> [Information supplied]:
________________________

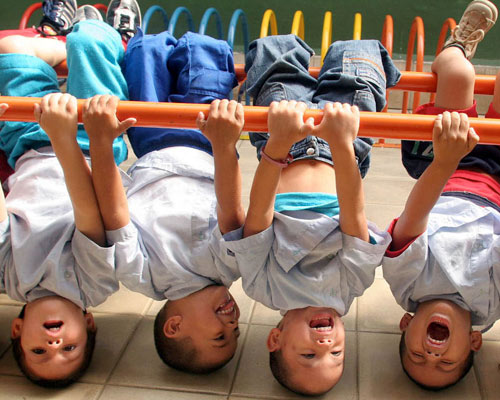 Step growing jugando Consejos Infantiles: Los juegos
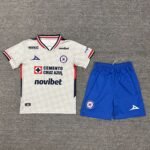 Kids Cruz Azul 25/26 Away 16-28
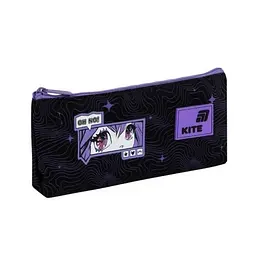 Пенал "Kite" 1від.,м`який №K26-680-1 - мініатюра 1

________________________

> [What is required]:
Write out the data above in full and exactly, but not the pictures.

> [Exercise answer]:
 Step growing jugando Consejos Infantiles: Los juegos
 Kids Cruz Azul 25/26 Away 16-28
 Пенал "Kite" 1від.,м`який №K26-680-1 - мініатюра 1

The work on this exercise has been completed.